You have more than your hands full and it's not going to help if I tell you that by 19 your daughter should be able to look after her own children. I suppose you've been so busy taking care of her and making sure she stays in school that you forgot to teach her how to be a parent, though that's the main thing she needs to know.
Some schools do a good job of teaching parenting but I guess her school has missed out on that too. So at the time she should have been learning life skills, she's been learning something else. I'm sure that whatever they are teaching her will be of value to her some day, but meanwhile it's no use at all.
Living in a family requires trust, and apparently you don't trust her and even have to lock doors to keep her from stealing from you. This is sad. You must decide how you are going to approach such a problem. First make up your mind who she is, and then accept the fact that you can't do this alone.
If she is a wayward adolescent, beyond your control, seek help from someone recommended by her school principal. They might have guidance counsellors who can find her a foster home. Then get a lawyer to organize custody of your grandchildren.
If she is mentally ill, get a psychiatrist through your nearest social service and then claim custody of the children and have your daughter put into a mental institution.
If she is a thief, tell the police and have her charged with theft. Then ask the court for custody of the children and don't
allow her to return to your home.
If you refuse to house her anymore, she becomes an indigent unwed mother and perhaps the Salvation Army will look after her as a destitute case.
If she's just a naughty child living with her family, then you have to take her into your own hands and treat her as such. Make rules and demand that she obey with the threat of getting police if she doesn't.
If she is a selfish woman making her own decisions, unconcerned with anyone else or even her own wellbeing, then ask her to get a job and go and live elsewhere. If she's able to do that and also takes her children, then you will have to find some social worker to watch her so the minute she neglects the children you can claim custody.
Nothing seems to be very pleasant, does it. Since she has decided to have her next baby adopted, does this mean she is in contact with the father this time? Is there a possibility that he will come to her assistance and make a home
for her? If such a thing as this would ever happen, you might have to face the eventuality of losing the grandchildren, but that could be the best of all solutions.
Supposing your daughter eventually assumes some decent adult behaviour and decides to become a good mother. She has your example to follow and miracles do happen. Or suppose that from this moment on you set your mind to
teaching her some of the things she needs to know to look after her children now, and through the years to come. Could she learn enough to carry on by herself? Would you be a good teacher, or is there somewhere in your community where a good teacher is already operating classes?

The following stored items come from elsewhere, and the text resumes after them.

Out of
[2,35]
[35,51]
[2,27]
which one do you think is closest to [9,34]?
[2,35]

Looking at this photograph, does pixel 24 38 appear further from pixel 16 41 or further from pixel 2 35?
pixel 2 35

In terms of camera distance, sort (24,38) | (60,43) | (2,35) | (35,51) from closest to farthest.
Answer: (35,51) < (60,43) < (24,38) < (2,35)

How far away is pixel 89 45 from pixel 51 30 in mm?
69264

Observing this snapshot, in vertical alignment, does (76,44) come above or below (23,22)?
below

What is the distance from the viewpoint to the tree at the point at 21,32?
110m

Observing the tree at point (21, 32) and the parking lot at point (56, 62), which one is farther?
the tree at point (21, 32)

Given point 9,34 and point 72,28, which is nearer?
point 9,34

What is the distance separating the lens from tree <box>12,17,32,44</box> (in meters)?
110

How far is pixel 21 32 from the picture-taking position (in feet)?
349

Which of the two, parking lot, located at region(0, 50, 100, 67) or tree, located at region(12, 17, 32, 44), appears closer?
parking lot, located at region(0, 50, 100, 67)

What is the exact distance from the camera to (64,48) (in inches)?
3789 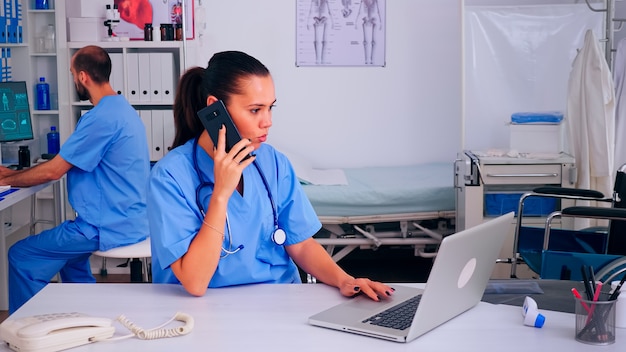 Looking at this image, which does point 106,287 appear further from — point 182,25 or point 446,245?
point 182,25

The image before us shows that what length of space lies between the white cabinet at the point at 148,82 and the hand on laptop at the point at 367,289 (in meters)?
2.92

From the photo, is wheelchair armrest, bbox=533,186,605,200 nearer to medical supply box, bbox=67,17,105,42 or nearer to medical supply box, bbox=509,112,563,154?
medical supply box, bbox=509,112,563,154

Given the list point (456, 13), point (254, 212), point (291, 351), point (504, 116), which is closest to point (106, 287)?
point (254, 212)

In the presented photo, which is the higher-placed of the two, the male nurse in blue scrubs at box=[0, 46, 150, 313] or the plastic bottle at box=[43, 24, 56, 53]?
the plastic bottle at box=[43, 24, 56, 53]

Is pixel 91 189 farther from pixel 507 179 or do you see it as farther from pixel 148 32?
pixel 507 179

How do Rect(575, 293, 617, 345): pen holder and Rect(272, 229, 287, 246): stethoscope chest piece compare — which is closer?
Rect(575, 293, 617, 345): pen holder

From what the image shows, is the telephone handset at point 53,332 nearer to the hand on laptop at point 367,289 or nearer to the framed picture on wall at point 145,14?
the hand on laptop at point 367,289

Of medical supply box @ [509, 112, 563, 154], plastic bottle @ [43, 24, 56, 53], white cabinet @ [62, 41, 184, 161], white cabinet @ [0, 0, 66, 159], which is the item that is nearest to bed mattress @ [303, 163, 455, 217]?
medical supply box @ [509, 112, 563, 154]

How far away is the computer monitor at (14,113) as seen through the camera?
3.95 meters

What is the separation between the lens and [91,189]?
3469mm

The situation you are in now seems like a hopeless trap with no way out, but I think you might find one. Somehow, unless there's going to be a huge fight, or a continuation the current perpetual fight, you and your daughter must sit down and figure out which logical solution would be the best for everyone.
Don't give up on her entirely. Somewhere inside that woman there is a sense of love and responsibility that has just never come to the surface yet. When you talk it over with her, make sure there is no animosity. Take some of the responsibility for the state of things on your own shoulders. After all, you did raise her. Somewhere along the line you were being so considerate of her feelings that you forgot your rsponsibility to teach her how to be considerate of others. Some children learn by example, but others are so wrapped up in themselves, they don't even notice their parents. She also hasn't seemed to learn to respect herself either.
But it's never too late. Take time with her. Talk over problems with her and ask her to help you solve them. Discus other people's situations and share opinions. If she refuses to take some time now to learn from you, then give her the alternative, which is to leave the house, alone.
Make rules. Do things for yourself outside the home that require her to stay with the children. Forbid her to have friends in when you are away. Give her household chores that must be done by her. In other words, pretend she is twelve years old and take it from there.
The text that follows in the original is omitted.